Hi! My team makes a self-service application that ...
# automation-api
k
Hi! My team makes a self-service application that uses the automation API to provision cloud resources to other development teams. In short, we can run several
pulumi up
commands at the same time. The problem with this is that if one Pulumi program fails for whatever reason, they all fail. It seems that whatever socket or process underneath it all sends a kill signal to all running pulumi programs instead of just the one that failed. Is the automation API meant to be used in this way? Is it built to handle concurrent programs?
m
What language are you working in? yes, concurrent pulumi ups should be possible.
Here is a chatgpt generated example ( so caveats apply ) of 3 stacks in three threads in python:
Copy code
# pip install pulumi
# Runs: python thread_demo.py

import os
import tempfile
from concurrent.futures import ThreadPoolExecutor, as_completed
from pulumi import automation as auto

PROJECT_NAME = "py-thread-demo"

def make_program(run_id: str):
    # Capture run_id in a closure (avoid env/global mutation per thread)
    def pulumi_program():
        import pulumi
        pulumi.export("greeting", f"hello from {run_id}")
    return pulumi_program

def run_stack(run_id: str, fail: bool = False):
    # Demo-only: local backend with no passphrase prompt
    os.environ.setdefault("PULUMI_CONFIG_PASSPHRASE", "")

    workdir = tempfile.mkdtemp(prefix=f"{run_id}-")  # unique dir per run
    stack = auto.create_or_select_stack_inline(
        stack_name=run_id,
        project_name=PROJECT_NAME,
        program=make_program(run_id),
        opts=auto.LocalWorkspaceOptions(work_dir=workdir),
    )

    if fail:
        # Prove isolation: this thread fails, siblings continue
        raise RuntimeError(f"simulated failure in {run_id}")

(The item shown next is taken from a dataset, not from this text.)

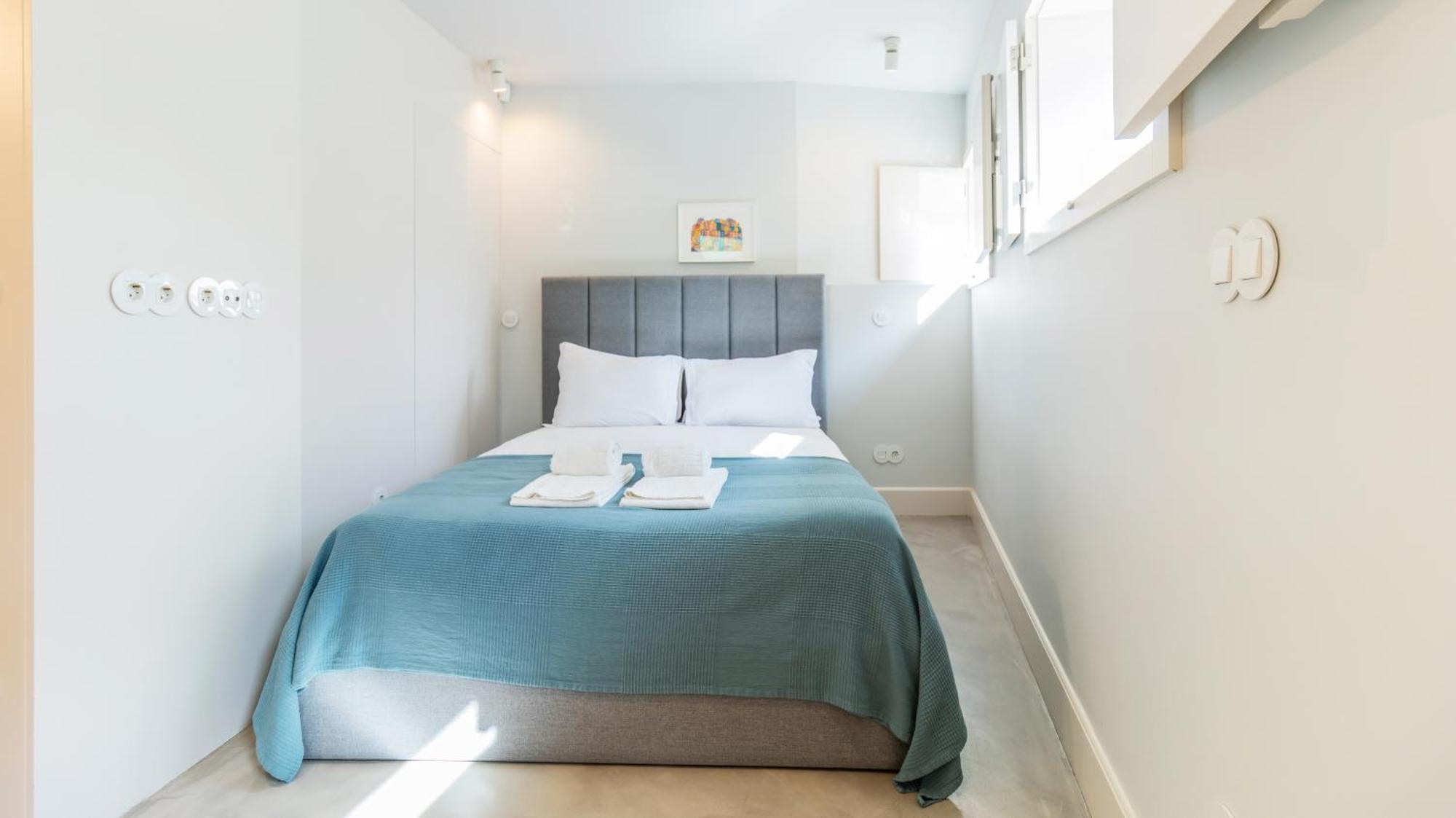 Apartment Barros Lima 493 By Lovelystay *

    result = stack.up(on_output=lambda _: None)  # quiet output
    return run_id, {k: v.value for k, v in result.outputs.items()}

if __name__ == "__main__":
    jobs = [
        ("stack-A", False),
        ("stack-B", True),   # this one will fail
        ("stack-C", False),
    ]

    with ThreadPoolExecutor(max_workers=len(jobs)) as pool:
        fut_to_name = {
            pool.submit(run_stack, name, should_fail): name
            for name, should_fail in jobs
        }
        for fut in as_completed(fut_to_name):
            name = fut_to_name[fut]
            try:
                run_id, outputs = fut.result()
                print(f"[OK] {run_id}: {outputs}")
            except Exception as e:
                print(f"[FAIL] {name}: {e}")

    print("Done.")
k
We're using TypeScript. The first stack that fails will output an error log saying what went wrong, while every other stack will output an error log saying "Pulumi program failed" multiple times based on where in the sequence it is: The provided screenshots shows a stack that failed because of 2 earlier stacks
m
I am not a TypeScript expert, but maybe somebody on here can chime in. However, I think the same principles from the Python example should apply. Just with Promises. ChatGPT recommends: • Promise.allSettled ( not Promise.all ) • avoid
process.exit(1)
• give each run its own LocalWorkspace + workDir
k
Each of our programs are triggered by HTTP requests that result in their own isolated promises. We get a
Stack
object by using the following snippet
Copy code
export async function selectStack(
    projectName: string,
    stackName: string,
    program: PulumiFn,
): Promise<Stack> {
    try {
        return await LocalWorkspace.selectStack(
            {
                stackName: getStackName(stackName),
                projectName,
                program,
            }
        );
    } catch (error) {
        if (error instanceof StackNotFoundError) {
            throw new PulumiResourceNotFoundErrorResponse(
                `No record for project ${projectName} and stack ${stackName} found`,
            );
        }
        throw error;
    }
}
We do not however pass
workDir
at any point, but the docs says that it will default to a new temporary directory provided by the OS. At no point do we use process.exit as that would kill the entire API
m
That's odd. Are any provider plugins being installed during those updates? Could you share a minimal reproduction?